# Cactus V4 review



## Sherman Banks

First of all, they're found here.

I haven't seen anyone do a write up on these here so I figured I'd take the time to do a quick review based on my experience with them over the past few weeks. 

I decided on the Cactus V4's mostly due to the cost being so much less than the Pocket Wizards or Cybersyncs, and also because they are the newest version of Cactus triggers following the V2's (no V3 for some reason) which I hoped they'd resolved the issues of the past version.  In reading reviews of both models, the biggest and most consistent problem seemed to be the reliability rate at which they actually triggered the flash to fire.  I had already ordered mine when I met a few people shooting V2's which proved to be both unreliable and cheaply made (no mods done, and one guys was missing some of the internals causing it to not work).  Needless to say, I was worried I had made a bad buying decision.  Plus, my intent was to use Nikon's CLS system with 2 Vivitar 285hv's on the V4's, which was flawed because the systems cannot work together due to the transmitter blocking the pop up flash on my body.  I still knew I wanted to try them out to see if the V4's would be more reliable and I ordered two more receivers as a gamble (one for SB600 and an extra for the future) which I figured I could sell immediately afterwards if they sucked that bad.  

Upon receiving them, I was surprised they came with only a bubble lined envelope surrounding the box, but I assume this cuts down on the shipping cost from Hong Kong.  The product boxes all have nice protective padding in them so I guess it's not a big deal they came in envelopes, but with many people complaining about them showing up DOA, they might want to look into alternate shipping materials.  Anyways, after inspecting them, they all appeared to be fine and I loaded the packaged batteries into the units and gave them a go.  The new design of the receivers makes it so they run off of AAA batteries which are an improvement from the V2's CR2 battery.  The transmitter runs off of a 23A 12v battery which is also easily replaced. It's nice they give you these batteries to start, but they are crap, and you'll want to have fresh batteries in them as soon as you can (which I will explain below).  The battery cover on the units is a bit flimsy and can have trouble staying on so a small bit of tape would ensure you don't lose it in a shoot.  

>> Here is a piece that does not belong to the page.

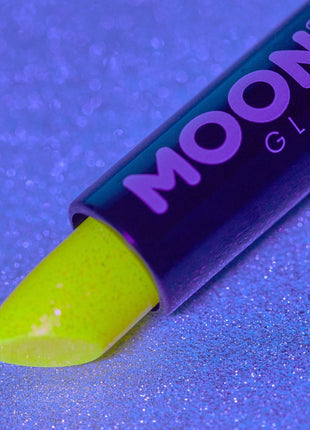 Neon UV Glow Blacklight Glitter Lipstick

The plastic on all the units feels cheap because it is but these certainly look better than the V2's and they are more practical in terms of design.  For example, the V2's receivers were set up vertically with a screw-tight tilt design, and the V4's are set up horizontally with the hotshoe mount sitting directly above the stand mounting threads (which is also a hotshoe that could be used for stands, etc).  This means no more sagging flash, which was another complaint I often heard from the V2 users.  The transmitter has an antenna built into it which can operate up or down, but I'm not sure how effective it actually is set vertically.  Many people have complained that the misfire rate increases with the antenna set up, so I've just kept mine down, and it works fine that way.  It does have a clean look to it though which should fit well with the design of most modern bodies.  

As for function, using them straight out of the box with the stock batteries produced expected results.  I had a misfire rate of about 1 in 30-40.  I hadn't really tested the distance, but they were definitely good for about 20 feet and the results were the same.  After replacing the batteries with some fresh alkalines, the misfire rate was improved dramatically.  I shot about 130 frames with two flashes the other night without a single misfire.  I don't want to claim that with fresh batteries they are going to be as reliable as PW's, but I'm definitely not seeing the results I had when I first used them.   Lately I've only been using them with 2 flashes due to breaking my 3rd, so I'll have to report back on the reliability when I'm running 3-4 flashes.  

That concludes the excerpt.